Exercise goal.
Below are records; the lines starting at the one with "Варочная панель Kuppersberg" and ending at the one with "ЗАЩИТНО ПОКРИВАЛО 1М DECOREX - valerii.com" must be reproduced exactly, both included. Pictures must not appear.

------ Supplied records ------

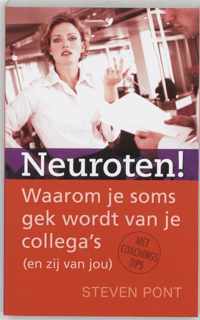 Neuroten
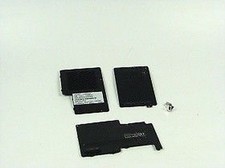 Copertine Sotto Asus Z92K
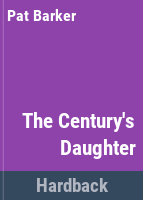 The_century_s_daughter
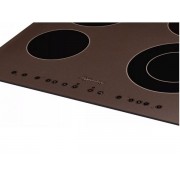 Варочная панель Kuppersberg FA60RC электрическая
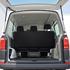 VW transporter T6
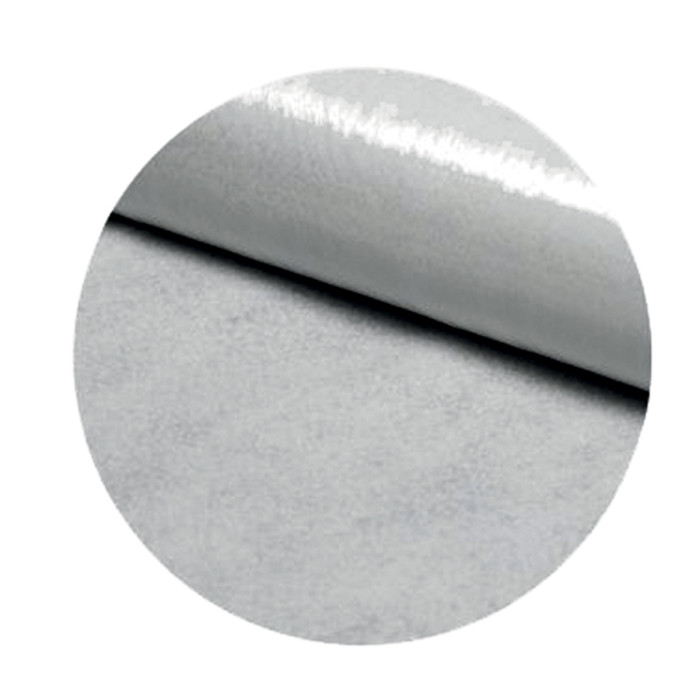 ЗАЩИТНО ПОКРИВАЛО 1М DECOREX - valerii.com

------
------ Supplied records ------

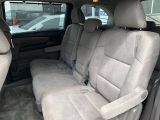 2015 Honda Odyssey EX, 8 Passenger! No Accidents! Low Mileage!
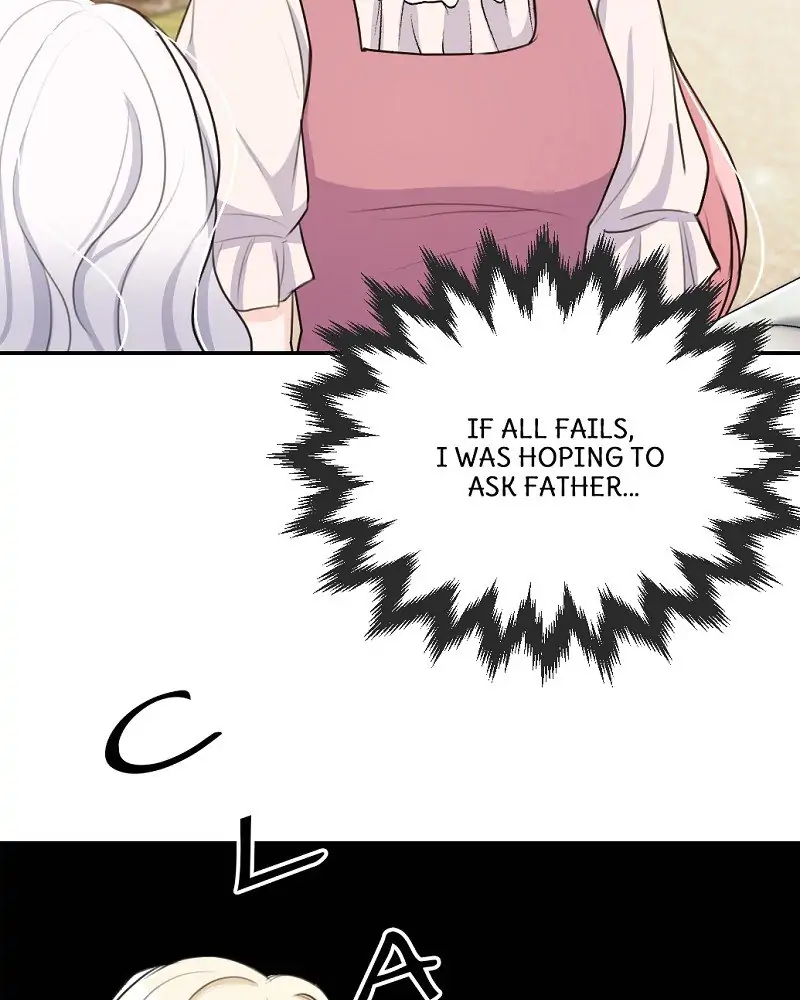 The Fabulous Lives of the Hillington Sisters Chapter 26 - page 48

------

Answer to this problem.
 Варочная панель Kuppersberg FA60RC электрическая
 VW transporter T6
 ЗАЩИТНО ПОКРИВАЛО 1М DECOREX - valerii.com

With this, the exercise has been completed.